Markov processes can be used for Natural Language Generation, which is a machine learning technique that can be used to generate coherent sentences thematically similar to a training set of sentences.  In other words, sentences that make sense (i.e., not strings of random words), and that are thematically similar to the training set.

Bodies of text can be modeled as conditional probability chains.  For any given body of text, one can calculate the probability that word Y will follow word X, thus a set of conditional probabilities can be calculated.  Because Markov processes rely on conditional probabilties (recall P(X|Y)...), one can see how they can be use to generate sentences that have a high probability of being realistic and thematically similar to the training body of text.

Python has an interesting library called Markovify that generates sentences from a training set of text.  Become familiar with the library here:

https://github.com/jsvine/markovify

Natural Language Generation has many applications.  For example, it can be used to create bots that generate realistic text.

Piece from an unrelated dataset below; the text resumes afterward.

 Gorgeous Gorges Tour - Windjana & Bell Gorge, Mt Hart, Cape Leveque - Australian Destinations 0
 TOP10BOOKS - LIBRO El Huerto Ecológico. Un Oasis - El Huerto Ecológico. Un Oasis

In this assignment, you will train a Markov model on a set of tweets from known Russian bots that were active during the 2016 Presidential Election.  You will build your own disinformation bot.

1) Import markovify, pickle, and os
    A) You will likely get an error when you run the below that will say it cannot find markovify to fix fot to the command 
    line (xfce) and type: 
    
    `conda install -c conda-forge markovify` if that does not work type `pip install markovify`

In [None]:
import markovify
import pickle
import os

The pickle library is a Python object serialization library.  It allows you to save an artifact ("bit dump") of any Pythonic object for later use.  We will use it to open the training data set, which has already been processed.

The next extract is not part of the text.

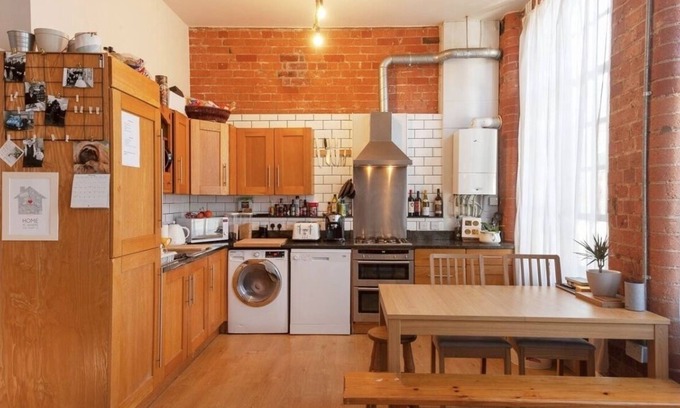 Nottingham Apartamento | Apartment 74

os is an operating system library for directory manipulation.

You should have downloaded the 'training_data_Session_2.pkl' file from GitHub, along with this Jupyter notebook, and saved it to a convenient location.

2) Specify the absolute path of the training data file.

In [None]:
input_path = r'training_data_Session_2.pkl' #If the file is not in the same directory you need to specify your path here

The pickled text object is just a serialized string of tweets.  You will need to import the string to train the markov model.  But first, define a function to open a pickle object.

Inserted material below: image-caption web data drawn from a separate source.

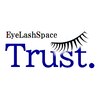 アイラッシュスペース トラスト(EyeLashSpace Trust.)ロゴ
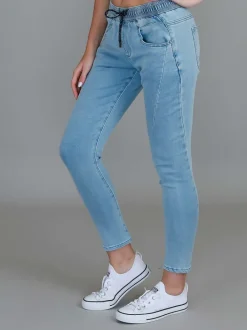 3rd Story Margot Jogger Drawstring Jean< Pants|Joggers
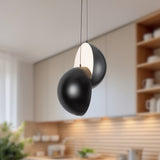 Kuzco Void 24-in Pendant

3) Define open_pickle function and open the training text file

In [None]:
#open pickle file
def open_pickle(pickle_path):
    with open(pickle_path, 'rb') as pickle_file:
        #print(pickle_file)
        object_name = pickle.load(pickle_file, encoding ='utf8')
    return object_name

Now you can open the text file

In [None]:
training_text = open_pickle(input_path)

Next, you need to train you model.  This is easy with Markovify...

4) Train your Markov model

In [None]:
twitter_bot = markovify.Text(training_text)

Tweets are limited to 280 characters or less.  Since we want our bot to generate tweets, we have to limit the length of the generated output to no more than 280 characters.

The following is example code that will print 3 markov-generated sentences of no more than 280 characters:

#Print three randomly-generated sentences of no more than 280 characters
>for i in range(3):
    >>print(twitter_bot.make_short_sentence(280))

5) In the cell below, compose a loop that will generate 10 tweets using your Twitter bot.

Now we should check and see if the generated tweets are similar to the training body of tweets.  Let's split our training body into a list of individual sentences.

6) Generate a list of sentences by splitting the text at each period.

In [None]:
test_tweets = training_text.split('. ')

7) Print the first 10 lines of your training set

In [None]:
for i in range(10):
    print(test_tweets[i])

8) Are your generated tweets similar to the training set?  Why or why not? (Type your answer in a cell below)

9) Do you think your bot would pass a Turing Test?  Why or why not? (Type your answer in a cell below)

***Now upload your file. "git add ." , "git commit -m "second homework"", "git push origin master"

***Then send the link and your written homework to the teacher.